Rose’s mother enters her teenage daughter into a beauty contest run by her dad’s boss. Rose’s dad takes her, and doesn’t even flinch when his boss (who runs a car dealership) refers to her like this:
“She has the chassis. That’s for sure, Charles,” he said, drinking me in from head to foot, pausing over my breasts and my waist as if he was measuring me for a dress. “Nice bumpers and great chrome,” he added and quickly laughed. “You’re a beautiful girl, Rose. No wonder your father’s proud of you.”
Rose doesn’t win the beauty contest, but she’s so damn beautiful that people refer to her as the winner anyway. It’s a disgusting passage meant to read that way, but it does frustrate me how blatant the sexual harassment is in V.C. Andrews books. The men never get reprimanded for for their behavior, ESPECIALLY by all the weak-ass mom characters.
Some Really Bad Writing
My favourite thing about this book is the really dated references to technology. This book was published in 2001, right when the culture was changing, so I can assume that Neiderman is really writing from experience when he penned this rant from Charlotte about Evan’s obsession with his computer:
“The only thing that gets him excited is shopping at one of those electronics stores, and he doesn’t to that very much anymore either, because he’s able to do it all over the computer. Sometimes, I think he is turning into a computer.”
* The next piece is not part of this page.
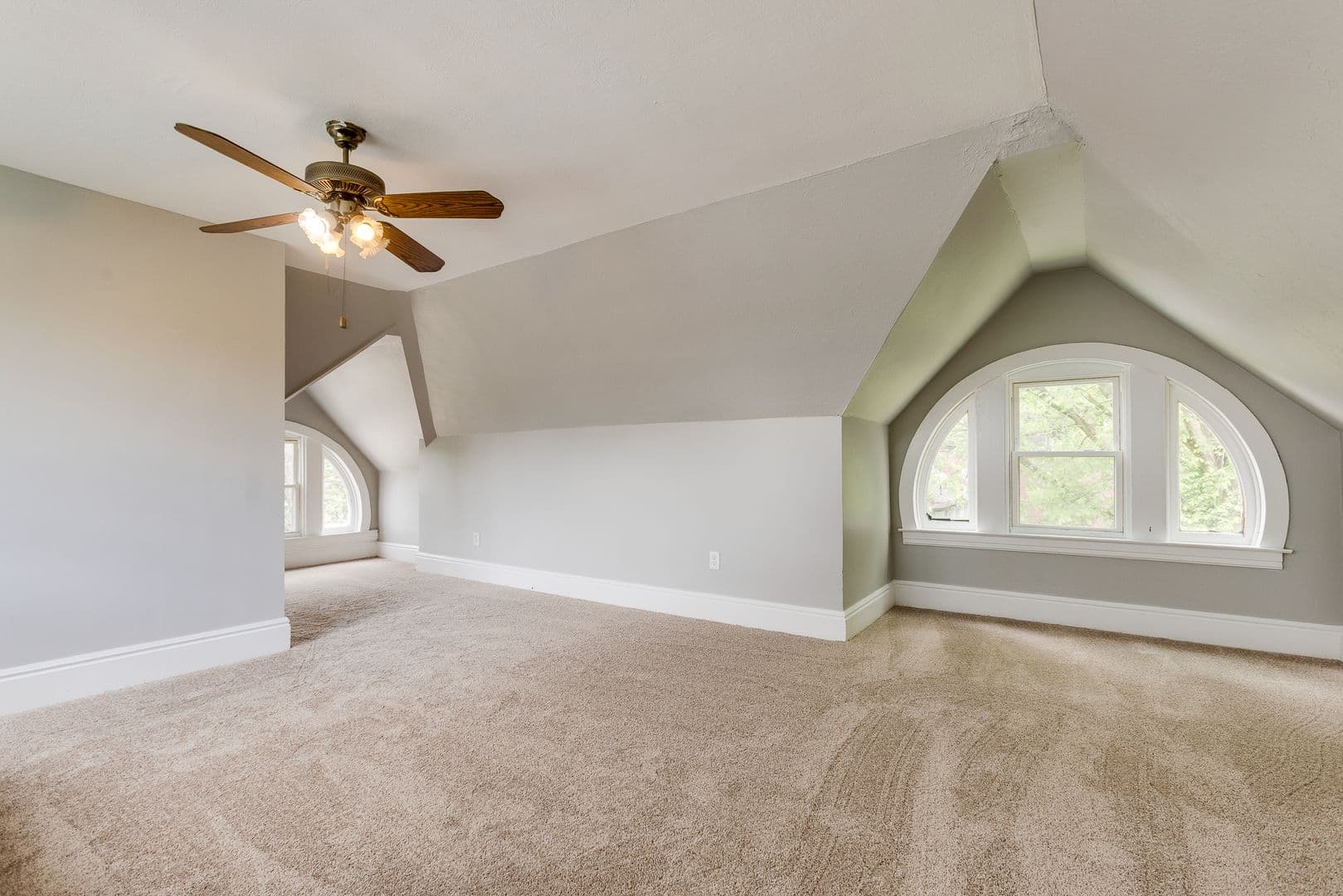 Pittsburgh House: 213 W. Burgess Street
Evan’s disability is obviously utilized for pity-points. His self-deprecation doesn’t read authentic in that he’s always referring to himself as a “cripple” and or a “tragic accident”. He even runs a chatroom called “Invalids Anonymous”. I’m pretty sure that “invalid” was a dated term in 2001. I think “handicapped” was the term used then, so great job at showing your age, Neiderman.
Anyway, here’s Rose trying her best to “help” Evan with some condescending sap that pretty much invalidates his struggle as a person with a disability.
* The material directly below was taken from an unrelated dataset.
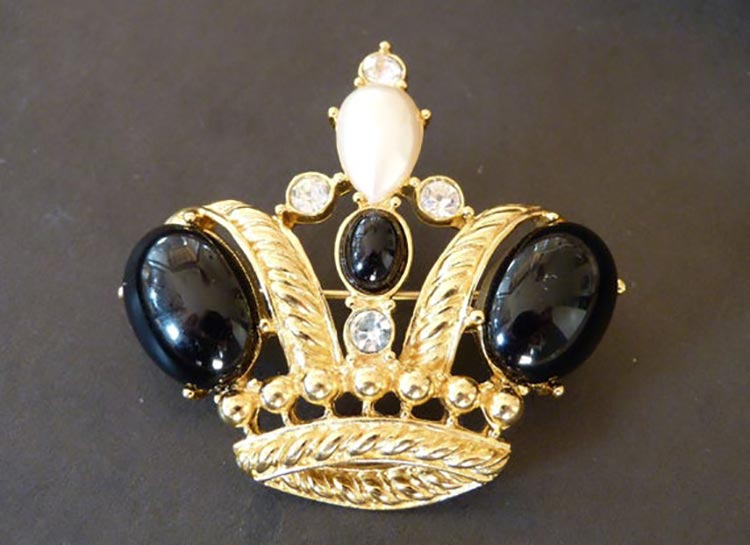 Trifari 1910s - Present Day (2)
“I don’t think of you as a tragic accident, Evan. Look, I expect I’ll get to know you better, and maybe I won’t like you. Maybe you’re too bitter, so bitter that I won’t be able to help,” I said. “But from what I can see and what I’ve heard so far, you seem to be very intelligent. When I said I wasn’t sure I could help you as your tutor, I was thinking to myself that you’ve already taught yourself so much, you probably know more than I do even though I’m two years older than you.”
The whole “disabled character as a pity magnet” plot is pretty standard in fiction. And I know I’m ranting about a stupid retro V.C. Andrews book, but hey, part of the reason I’m doing these reviews is to address some of the problematic aspects that have bled through literature over the decades.
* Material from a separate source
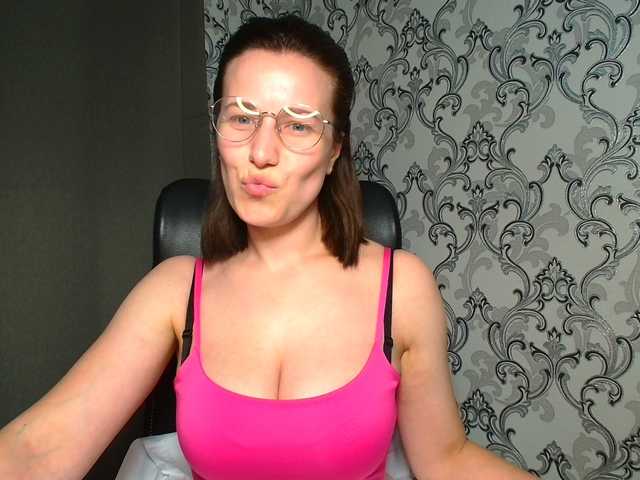 BellaKisss1 live webcam show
We need more representation of people with abilities in fiction. Luckily, we live in a wonderful day and age where people share a lot of their daily lives on YouTube, and I want to urge my fellow writers to utilize that shared experience when doing research and writing a character with a disability. One of my favourite YouTube vloggers is Anya Darlow, a UK woman who shares every aspect of her life as a T-12 complete paraplegic. Her content is so fun and eye-opening. It’s crazy all the stuff you don’t think about as an able-bodies person. Anya’s got a great sense of humour and a great sense of style too!
Fantastic Psychological Horror
There’s next to no conflict in this book. Even the sexual stuff with Evan gets pushed aside. At the end, it’s Evan and Barry who show up at Rose’s dance recital. Her mother disappears with a simple letter, but then it turns out that Grover abandoned Monica, leaving her to feel like the foolish idiot she is.
But hey, at least her character arc came full-circle, right?
My Final Rating
This feels like the worst book in the Shooting Stars series of the three I’ve read, though it’s the V.C. Andrews vibes that save it from being vaguely worse than Cinnamon. While it sticks to the V.C. Andrews formula, it’s limited length still suffocates the plot.